# Description of the task:
The expected output is an exact copy of the lines from the one containing "Massage is one" through the final line of the entries below, with no images.

# Data listing:

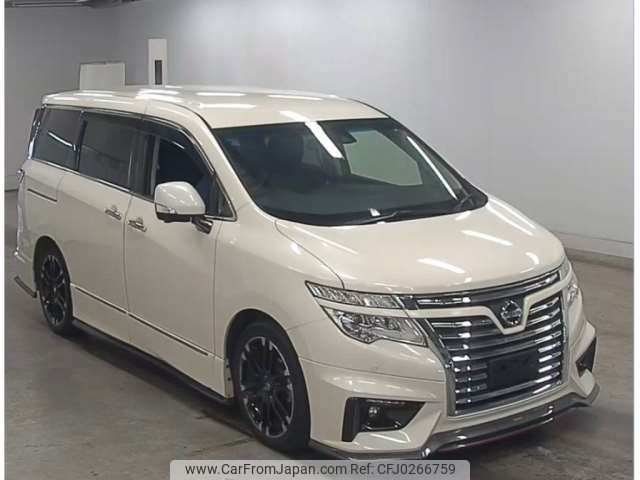 nissan elgrand 2019 -NISSAN--Elgrand DBA-PE52--PE52-070396---NISSAN--Elgrand DBA-PE52--PE52-070396- image 1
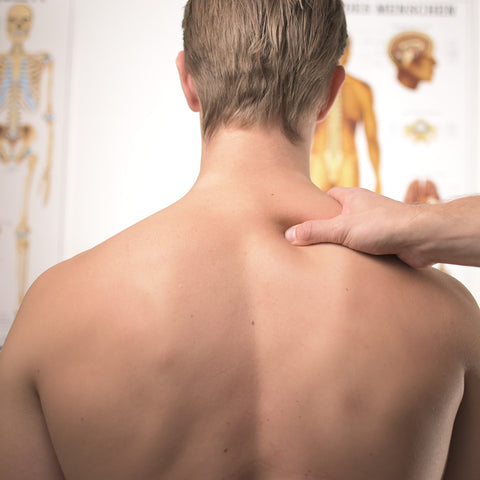 Massage is one of the most effective and safest ways of loosening stiff neck and shoulders.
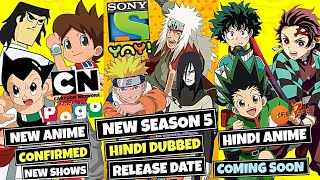 Naruto Season 5 Official Release Date Sony Yay!CN New Shows!New Hindi Anime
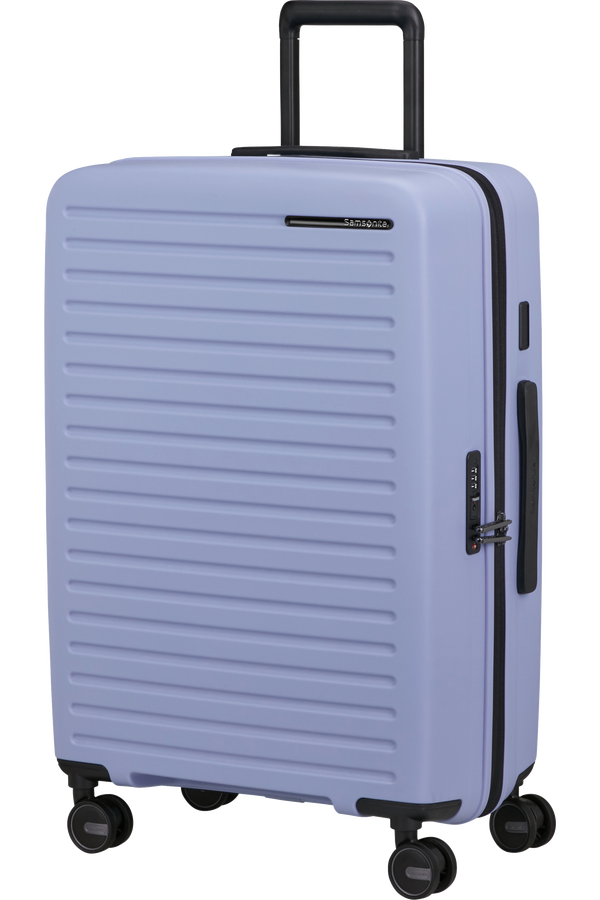 Samsonite Restackd Spinner Expandable 68cm  Lavendel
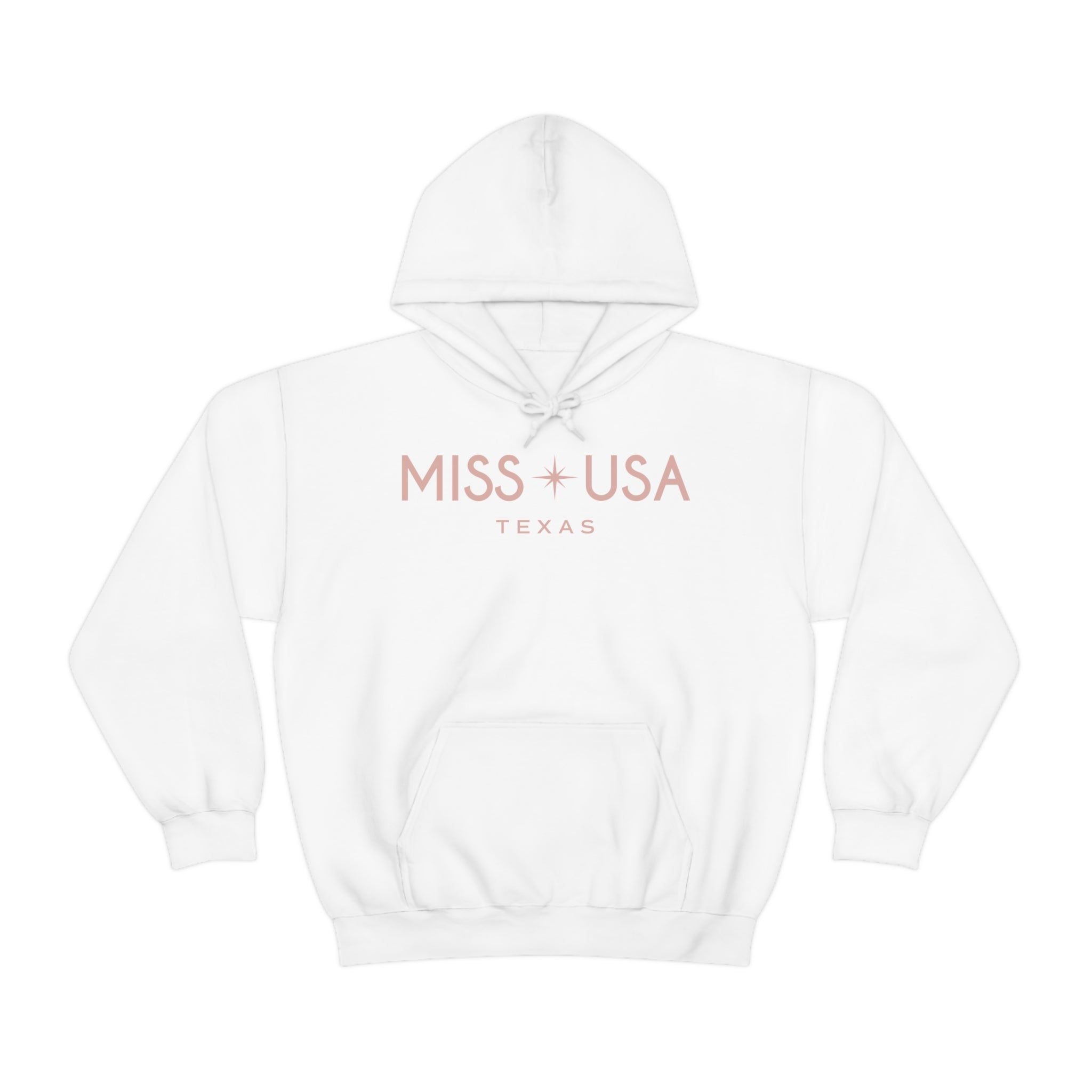 Single Logo Hoodie - Miss Texas Usa – Miss Texas Usa Shop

# Task response:
 Massage is one of the most effective and safest ways of loosening stiff neck and shoulders.
 Naruto Season 5 Official Release Date Sony Yay!CN New Shows!New Hindi Anime
 Samsonite Restackd Spinner Expandable 68cm  Lavendel
 Single Logo Hoodie - Miss Texas Usa – Miss Texas Usa Shop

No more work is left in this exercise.